Vestibular Hypofunction – As per experts, the disorder can affect either left or right side of the body or even both

The actor described how in this condition, the body balance might ‘just goes out of whack. He also said that he was pushing himself just too hard

The function of your ear is not limited to hearing alone but it does play a monumental role in maintaining your body balance. As kids, we have observed how after taking circles maybe after a dance or sitting on a swing, we might stop but our head does not. We can still feel dizzy after we stop the circular motion. It is interesting to note that it is the fluid inside your ear that makes you feel like that. What happens when your vestibular system starts to malfunction? You might lose balance and might feel dizzy often. The new generation actor Varun Dhawan recently opened up about his suffering from a similar vestibular disturbance, the condition has been generally called Vestibular hypofunction and can be caused by many reasons.

As per experts, the disorder can affect either left or right side of the body or even both. In technical terms, it can be unilateral or bilateral depending on which sides are affected. It might result in the affected person experiencing dizziness, postural instability, and sometimes even excessive sweating.

Dhawan gets emotional

Addressing a public event, Dhawan said that he had ‘shut down’ recently owing to a health condition called Vestibular hypofunction. The actor described how in the condition, the body balance might ‘just goes out of whack. He also said that he was pushing himself just too hard. Getting emotional about the situation, he said that everybody is running in a race and nobody is asking why.

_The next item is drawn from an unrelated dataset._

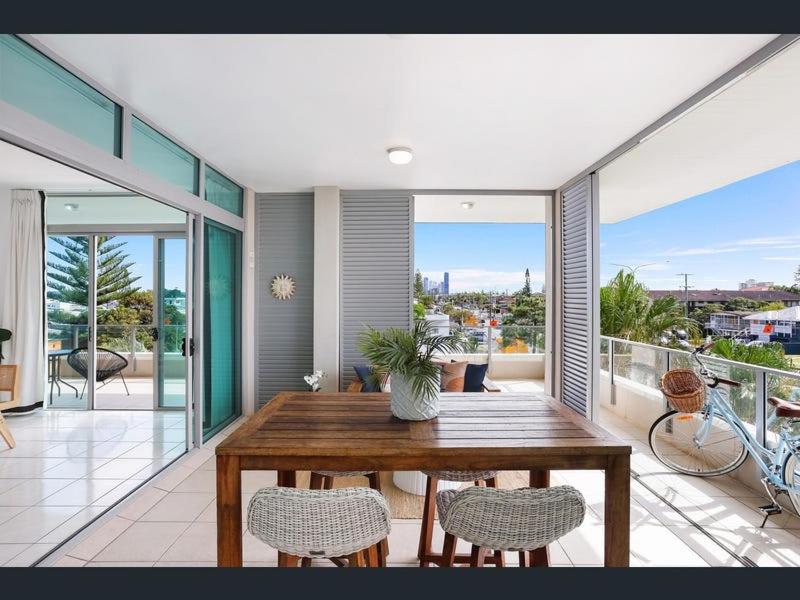 Mermaid Beach Luxury Penthouse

Dhawan believes that everybody is living for a greater reason. While he is trying to find him, he encouraged others to find theirs.

What happens in vestibular hypofunction?

Our ear is made of canals and these canals are filled with fluid. The position of the fluid changes with movement and the changed position is picked by the rich nerve endings that take the message to your brain. Hence your ear works in close collaboration with your brain to maintain balance when you are sitting or standing. When this connection gets disturbed, then a probable cause could be vestibular hypofunction. The most common causes behind it could be medicines, infections, poor circulation in the ear, deposition of calcium debris or traumatic brain injury or tumour affecting the functions of your inner ear.

Sometimes there might be an inner ear infection that might lead to inflammation of the deep ear structure called the labyrinth. This might lead to temporary vestibular hypofunction. Sometimes too much fluid can get filled in your inner ear as one sees in the condition Meniere’s disease where the person affected might experience sudden attacks of vertigo, dizziness, a ringing or buzzing sound in their ear and other symptoms. Sometimes it can be also a harmless tumour or certain drugs and medicines that might damage your vestibular function.

Common complaints of people suffering from vestibular hypofunction

Vestibular hypofunction can be caused by a multitude of reasons and many times the root cause is hard to identify. It could be viral infections, progressive disorders, autoimmune reactions and many others. However, some complaints can be common among people affected by these conditions. The following are some common symptoms-

  1. Feeling off-balance while sitting or standing
  2. Visual blurring during head movements
  3. Irregular and unpredictable head movements especially while walking
  4. Decreased activity due to fear of losing balance
  5. Falling or stumbling
  6. Changes in the heart’s rhythm
  7. Spatial disorientation
  8. Seeing spinning walls

What can you do to make it better

People affected by vestibular hypofunction whether unilateral or bilateral often have their physical activities limited by the condition. The following are some simple things you can do to make it better-

  1. Stabilize your gaze to improve coordination of head and eye movements
  2. Practice special balancing exercises
  3. Practice walking on uneven surfaces, in the dark and sometimes in crowded places.
  4. You can follow a simple exercise of bending your head from a sitting position to look down and then looking up and gazing the ceiling.